Un ouvrage se consacre aux écrits de l’écrivain et trompettiste américain Ralph Ellison sur le jazz et lance ainsi une longue et stimulante réflexion sur sa théorie de la condition noire américaine.
L’ouvrage d’Emmanuel Parent vient combler un grand vide critique en France. En effet, si Ralph Ellison est souvent cité comme l’auteur du roman Homme invisible, pour qui chantes-tu ?, publié en 1952 et dont la valeur iconique n’est plus à démontrer, il l’est beaucoup moins pour ses essais. Or l’auteur se sert ici des nombreux écrits d’Ellison sur le jazz pour établir une longue et stimulante réflexion sur sa théorie de la condition noire américaine. En plaçant la musique au cœur des problématiques culturelles américaines, il en fait un prisme à partir duquel on peut réfléchir à la culture américaine dans son ensemble et plus largement à ce qui constitue la modernité américaine.
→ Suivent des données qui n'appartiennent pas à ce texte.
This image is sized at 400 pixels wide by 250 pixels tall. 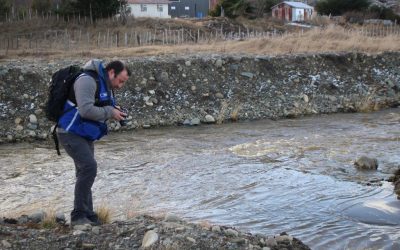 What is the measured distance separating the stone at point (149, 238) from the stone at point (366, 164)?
6318mm

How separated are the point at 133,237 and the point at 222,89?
13.2 m

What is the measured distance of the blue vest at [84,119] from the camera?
5941 millimetres

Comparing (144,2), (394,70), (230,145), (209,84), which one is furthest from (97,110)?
(144,2)

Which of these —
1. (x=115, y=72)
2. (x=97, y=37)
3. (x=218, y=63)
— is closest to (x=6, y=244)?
(x=115, y=72)

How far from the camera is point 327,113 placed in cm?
1845

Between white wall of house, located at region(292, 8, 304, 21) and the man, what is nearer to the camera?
the man

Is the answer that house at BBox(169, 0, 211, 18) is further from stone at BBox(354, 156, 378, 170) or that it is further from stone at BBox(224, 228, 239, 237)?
stone at BBox(224, 228, 239, 237)

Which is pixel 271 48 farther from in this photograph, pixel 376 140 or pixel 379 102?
pixel 376 140

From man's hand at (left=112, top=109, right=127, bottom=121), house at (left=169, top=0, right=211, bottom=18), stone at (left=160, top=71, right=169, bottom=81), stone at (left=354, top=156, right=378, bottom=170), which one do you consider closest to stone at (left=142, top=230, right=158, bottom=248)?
man's hand at (left=112, top=109, right=127, bottom=121)

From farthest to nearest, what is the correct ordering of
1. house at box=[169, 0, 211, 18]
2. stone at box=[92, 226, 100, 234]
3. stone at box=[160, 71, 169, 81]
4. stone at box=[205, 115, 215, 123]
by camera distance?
1. house at box=[169, 0, 211, 18]
2. stone at box=[160, 71, 169, 81]
3. stone at box=[205, 115, 215, 123]
4. stone at box=[92, 226, 100, 234]

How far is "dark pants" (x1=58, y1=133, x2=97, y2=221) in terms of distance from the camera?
19.8 feet

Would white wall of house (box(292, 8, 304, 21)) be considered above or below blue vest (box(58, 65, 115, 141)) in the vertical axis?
above

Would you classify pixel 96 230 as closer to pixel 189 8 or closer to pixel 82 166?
pixel 82 166

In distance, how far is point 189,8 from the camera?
79.1m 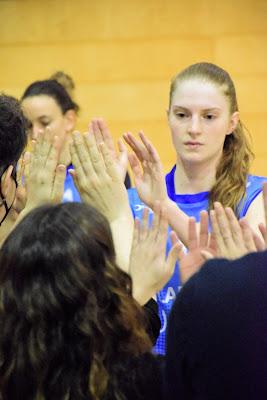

Dans les trois premiers chapitres du livre, l’auteur envisage les années de formation et de maturation d’Ellison. Plus exactement, il montre comment celui-ci était d’une certaine façon prédisposé à une conception originale de la condition noire. Originaire du Midwest, comme Langston Hughes, Ellison a grandi entouré de figures tutélaires de différentes origines, dans un cadre propice à l’épanouissement artistique :
Un gamin noir d’Oklahoma City, aux antécédents africains, européens et amérindiens, maîtrisant une langue de la diaspora juive d’Europe de l’Est, voilà le terreau qui devait plus tard permettre à Ellison de déconstruire l’essentialisme racial, de quelque phénotype soit-il (p. 26).
Déjà à l’époque, la musique lui fournit une riche matière à réflexion. Trompettiste à ses heures, Ellison peut jouer dans différentes formations, à la fois avec des musiciens de jazz noirs locaux et dans l’école à laquelle il appartient. Il comprend très vite que le jazz est une musique beaucoup plus sérieuse qu’il y paraît et qu’elle nécessite un travail acharné, loin des clichés. Il fréquente de futures stars du genre comme Charlie Christian et Jimmy Rushing et voit passer des formations musicales variées qui effectuent des tournées dans sa région. En 1933, il intègre le Tuskegee Institute, dans l’Alabama, institution fondée en 1881 par Booker T. Washington, leader africain-américain « accomodationniste », dans laquelle les enseignements sont prioritairement centrés sur le travail agricole. Il en ressort frustré intellectuellement et prend son envol pour New York où il va poursuivre un temps une activité musicale en amateur tout en produisant des articles critiques qui lui permettent progressivement de prendre ses distances vis-à-vis de la majorité des écrivains noirs de son temps comme des générations précédentes, à l’exception notable de Richard Wright avec qui il entretiendra une longue relation amicale. Ce positionnement n’est pas une simple posture. Il correspond à l’idée développée par Henry Louis Gates selon laquelle l’écrivain noir n’hérite de rien ou presque. Ellison n’appartient pas à une tradition noire, simplement parce qu’elle n’existe pas :
Pour les écrivains noirs, la culture n’est pas une maison familiale dans laquelle l’intellectuel lettré se sentirait chez lui à l’instar des dominants décrits par Bourdieu dans La Distinction. Elle n’est pas un patrimoine hérité mais un savoir-faire, un lore à réinventer sans cesse pour soi et pour le groupe (p. 47).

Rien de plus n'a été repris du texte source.